Now the conditions are really small things. It’s kind of unclear how to proceed from here, so let’s look at what we wanted to prove again:

For every \(\epsilon\) there is a \(\delta\) such that for all \(x,y\) with \(\vert x-y\vert < \delta\), \(\vert f(y)-f(x)\vert < \epsilon\).

Applying what we know, this becomes:

- [to be proved] For all \(y\) with \(\vert x-y\vert < \delta\), \(\vert f(y)-f(x)\vert < \epsilon\).
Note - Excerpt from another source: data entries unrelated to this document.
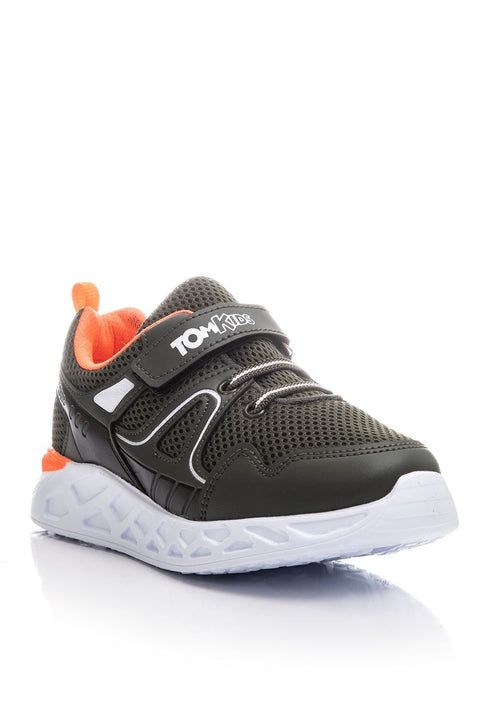 TonnyBlack Khaki Orange Kids Sports Shoes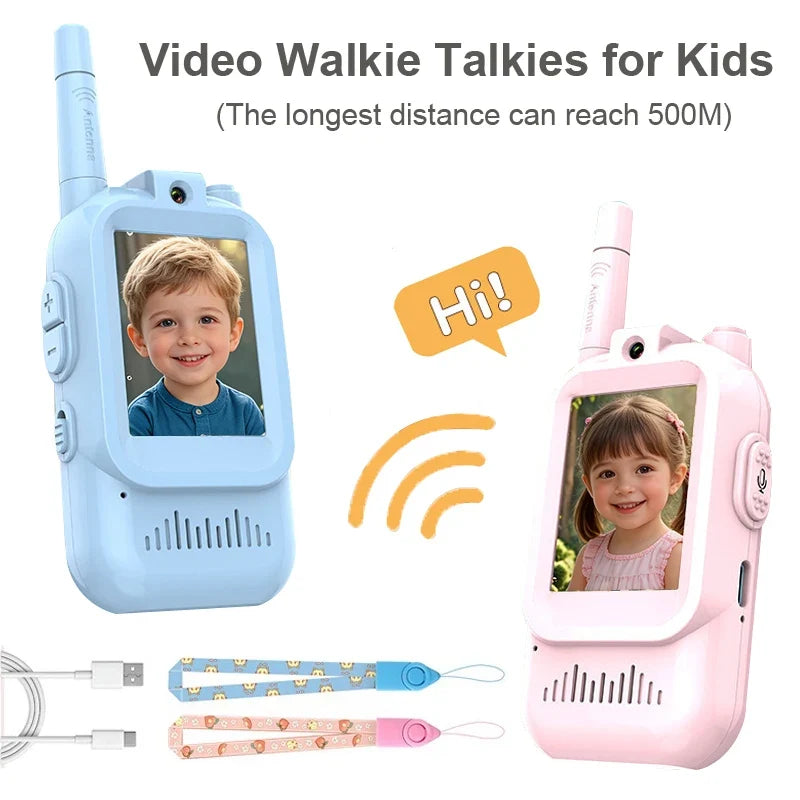 Exciting 2-Pack Video Walkie Talkies for Kids - Rechargeable Indoor & Outdoor Fun for Ages 3-12, Perfect Birthday Gifts!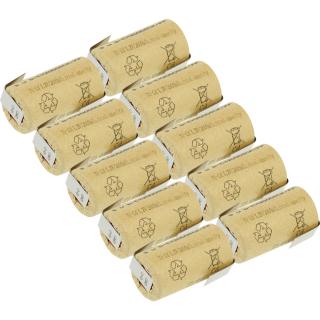 10x XCell Sub-C Hochleistungsakku mit Z- Lötfahne - 1,2V 2000 mAh Ni-CD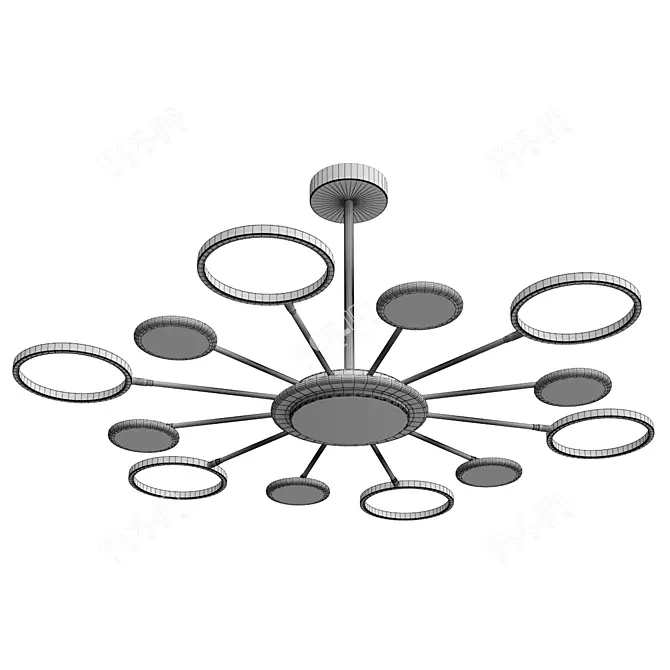 Modern LED Chandelier 80cm Diameter 3D model image 4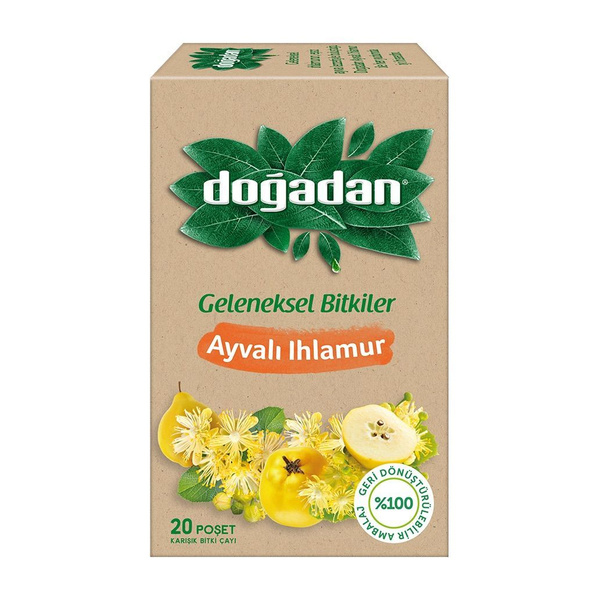 DOGADAN Чай в пакетиках со вкусом Липы с Айвой (Ayvali Ihlamur cay) 20 ...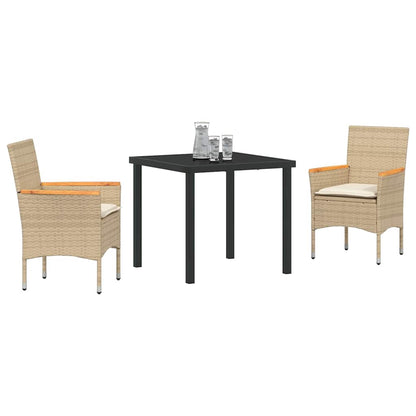vidaXL Salon de jardin avec coussins 3 pcs Beige Résine tressée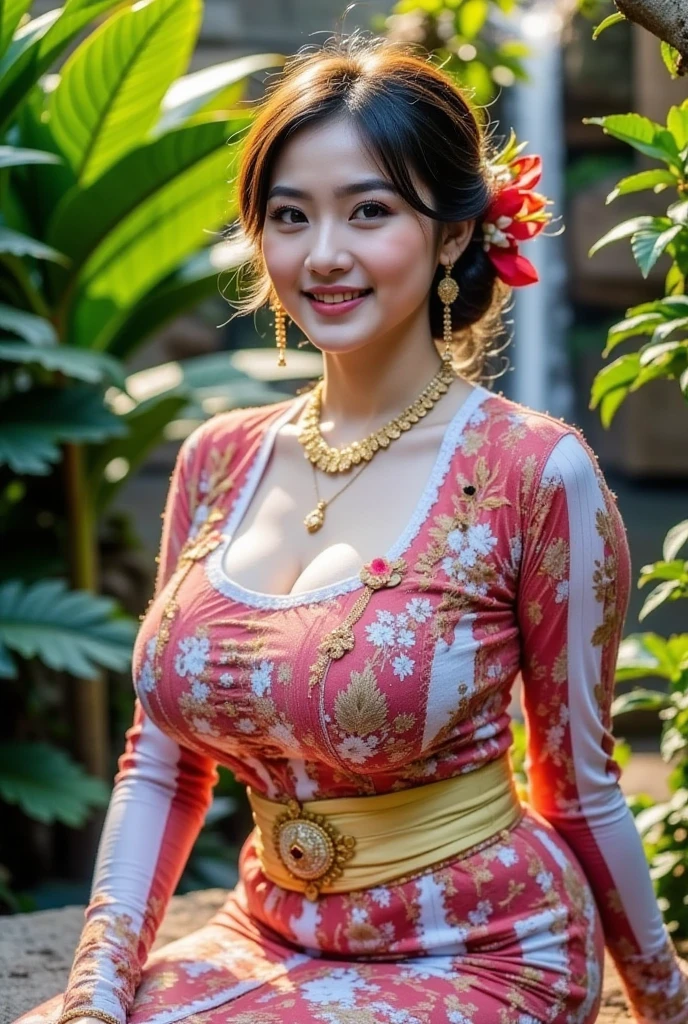 (thai woman),((highponytail)),(forehead),(Oriental Folk Costumes:1.5),(Empress's style:1.3),(enormous breasts:1.5),(Addressing an audience:1.6),(Historic Monuments of the Orient in the background:1.6),big smile, (cowboy shot:1.4),8k, UHD,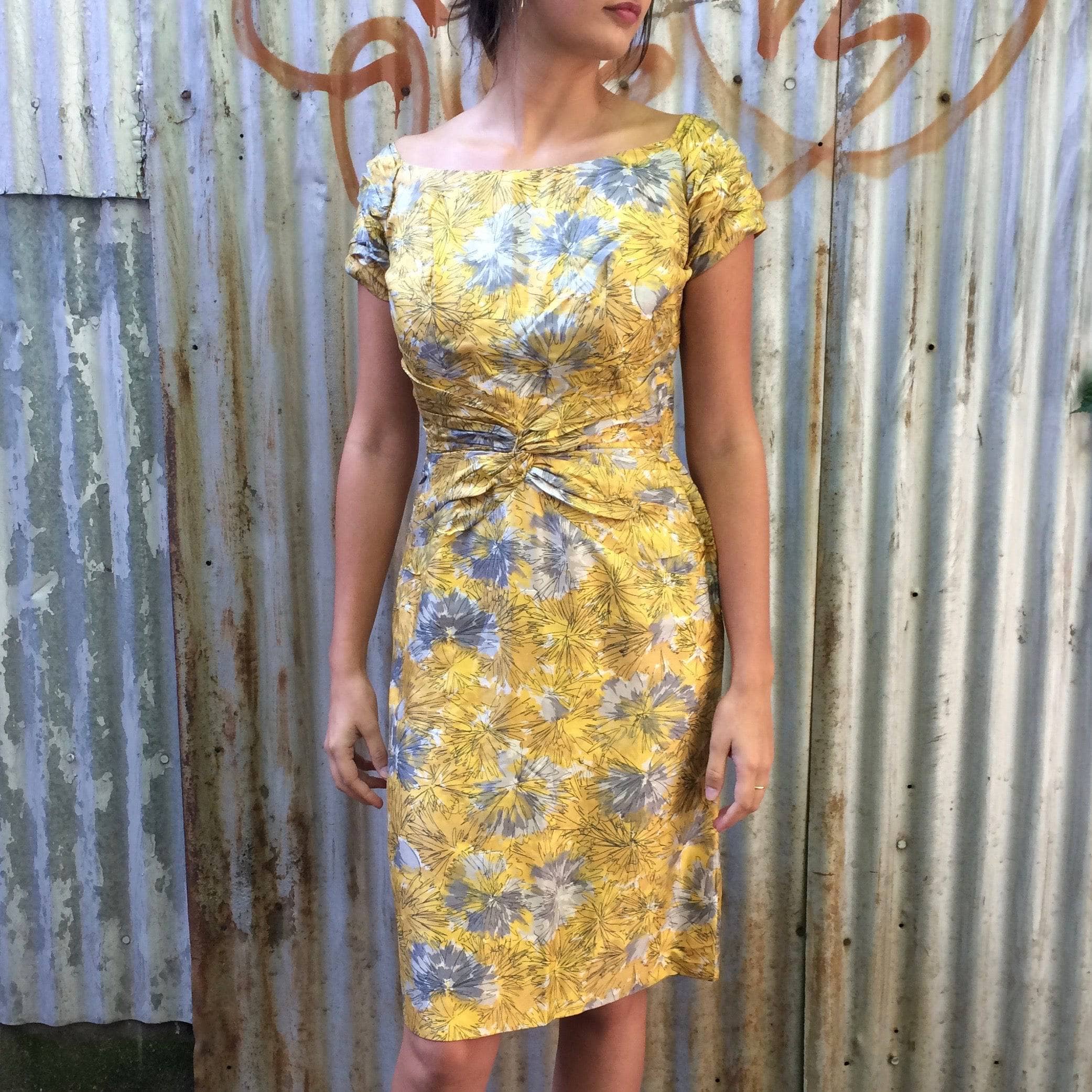 1950s Jack Liebman Yellow Floral Print Silk Dress S/M - Image 7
Aha! We have already got something to do with \(y\) (namely that \(\vert f_n(y)-f_n(x)\vert < \epsilon\)), and we have something to do with \(f(x)\) (namely that \(\vert f_n(x)-f(x)\vert < \epsilon\)). Hence \(\vert f_n(y)-f_n(x)\vert + \vert f_n(x)-f(x)\vert < 2\epsilon\), and the triangle inequality gives us that \(\vert f_n(y)-f(x)\vert < 2\epsilon\). Eek - we need to turn that \(f_n(y)\) into an \(f(y)\). We have no way of doing that, so we must have missed out some information somewhere. Backtracking, the nearest-to-the-end bit of missed out information was when we fixed \(x, y\). We threw away information in “for every \(x\), \(\vert f_n(x)-f(x)\vert < \epsilon\)” when we fixed \(x\) - it applies to \(y\) too. So we’ll add a new statement to the “what do we know?” list:

- \(\vert f_n(y)-f(x)\vert < 2\epsilo\)n
- \(\vert f_n(y)-f(y)\vert < \epsilon\).
- \(\epsilon > 0\), and \(N\) is an integer, and \(n \geq N\), and \(\delta > 0\), and \(x\) is real, and \(\vert y-x \vert < \delta\).

And now it just drops out of the triangle inequality that \( \vert f(y)-f(x) \vert < 3 \epsilon\).

Now, \(\epsilon\) was arbitrary, \(N\) was dictated by the conditions, \(n \geq N\) was arbitrary, \(\delta\) was dictated by the conditions, \(x\) was arbitrary, \(y\) was arbitrary subject to \(\vert y-x \vert < \delta\).

Hence we have proved that for every \(\epsilon\) there exists \(N\) such that for all \(n \geq N\) there is a \(\delta\) such that for all \(x\), for all \(y\) with \(\vert y-x\vert < \delta\), \(\vert f(y)-f(x)\vert < 3\epsilon\).

We can clean this statement up. Notice that neither \(n\) nor \(N\) was involved in the final expression, so we can simply get rid of them to obtain:

For every \(\epsilon\) there is a \(\delta\) such that for all \(x\), for all \(y\) with \(\vert y-x\vert < \delta\), \(\vert f(y)-f(x) \vert < 3\epsilon\).

From this, it is easy to obtain the required result. We want to turn \(3 \epsilon\) into \(\epsilon\) - but that’s fine, because the expression holds for every \(\epsilon\), so in particular if we fix \(\epsilon\) then it holds for \(\dfrac{\epsilon}{3}\). We’ll just use the \(\delta\) from that \(\dfrac{\epsilon}{3}\) instead. This gives us that \(f\) is uniformly continuous, as required, and without actually engaging the brain except to carry out the algorithm of “write down what we know; if there exists something, fix it, and repeat; if for all something, then fix an arbitrary one, and repeat; if we’re stuck, go back through, looking to see if we missed out any information during a fixing-arbitrary-for-all phase” and to carry out the algorithm of “when the information we have is simple enough, compare terms from what we know with the expression that we want to show; use the triangle inequality to get them in there”.